1728 ENGLISH POETRY 1579-1830: SPENSER AND THE TRADITION

Rev. Joseph Spence

William Somervile, in "To Mr. Ramsay, upon his publishing his second Volume of Poems" 1728 ca.; London Magazine 25 (December 1756) 605.



In vain shall canker'd Zoilus assail,
While Spence presides, and candor hold the scale.
His gen'rous breast, nor envy sours, nor spite,
Taught by his founder's motto how to write,
Good manners guides his pen. Learn'd without pride,
In dubious points not forward to decide,
If here and there uncommon beauties rise,
From flow'r to flow'r he roves with glad surprise.

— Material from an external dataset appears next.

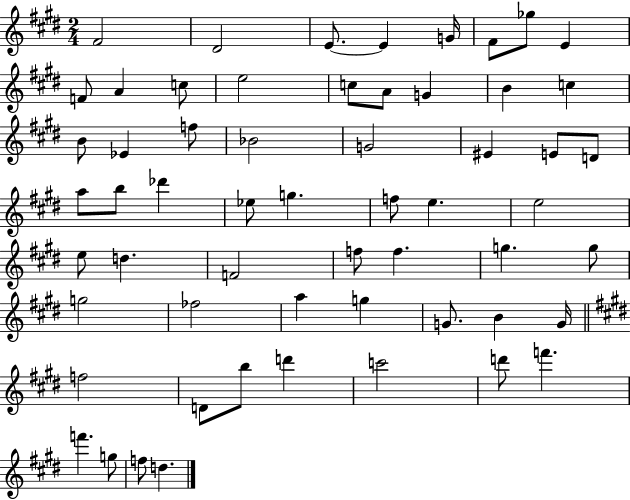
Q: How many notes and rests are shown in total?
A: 58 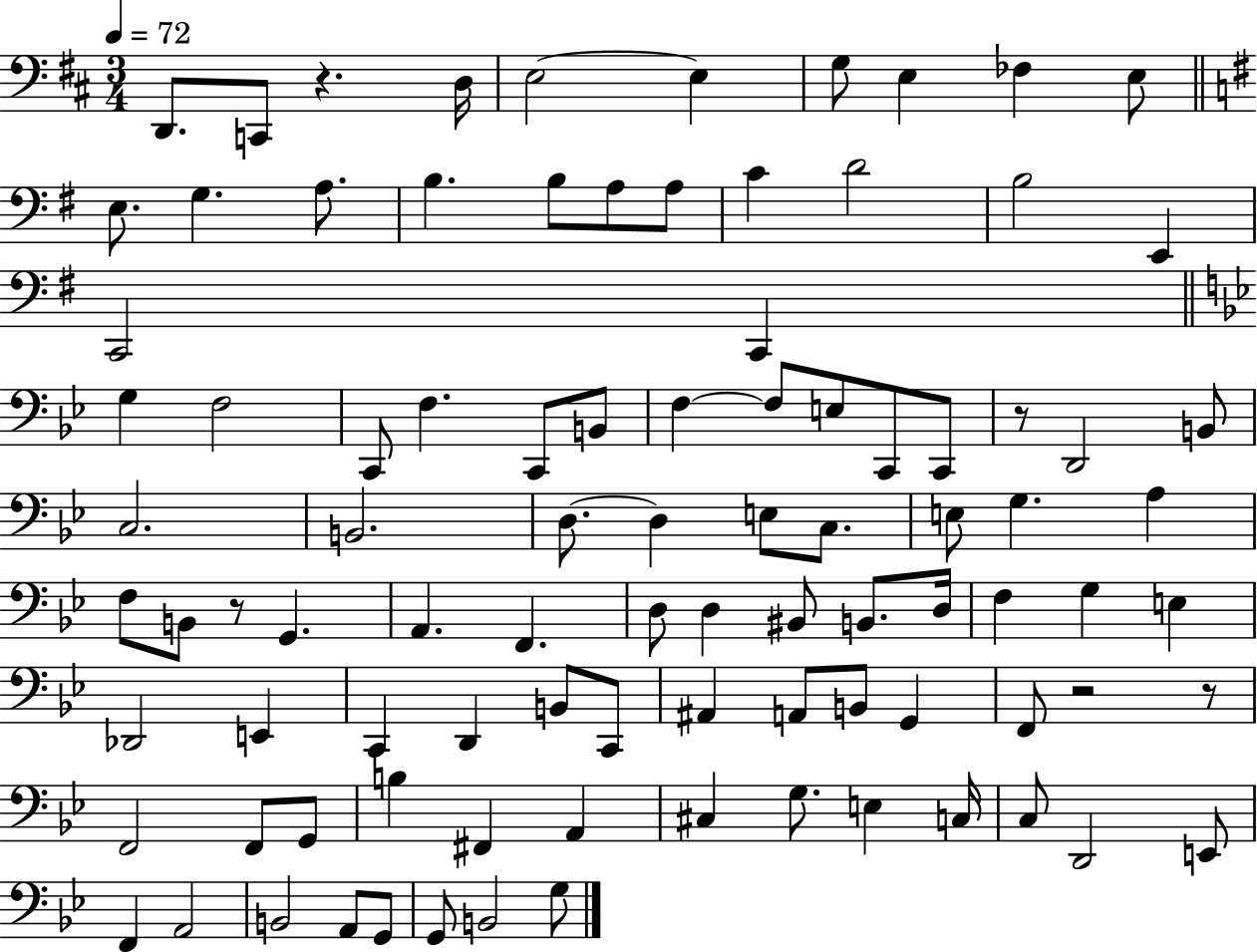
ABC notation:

In failings no malignant pleasure takes,
Nor rudely triumphs over small mistakes.
No nauseous praise, no biting taunts offend,
W' expect a censor, and we find a friend.

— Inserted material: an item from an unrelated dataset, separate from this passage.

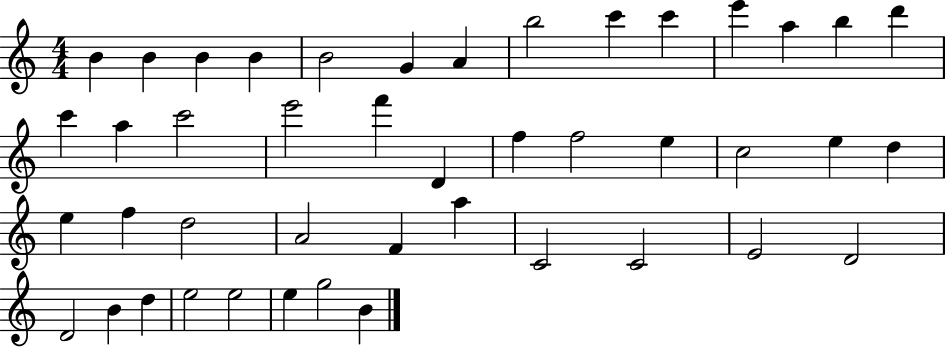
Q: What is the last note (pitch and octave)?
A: B4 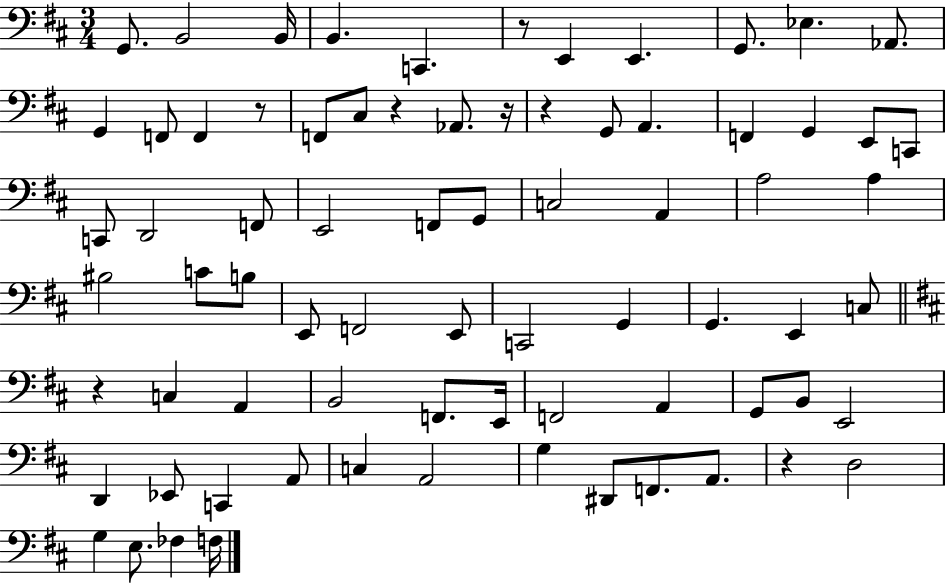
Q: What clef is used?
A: bass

Poets, improved by his correcting care,
Shall face their foes with more undaunted air,
Strip'd of their rages shall like Ulysses shine,
No pomp of learning, and no fund of sense,
Can e'er attone for lost benevolence.
May Wickham's sons, who in each art excel,
And rival ancient bards in writing well,
While from their bright examples taught they sing,
And emulate their flights with bolder wing,
From their own frailties learn the humbler part,
Mildly to judge in gentleness of heart.
Such criticks, (Ramsay) jealous for our fame,
Will not with malice insolently blame.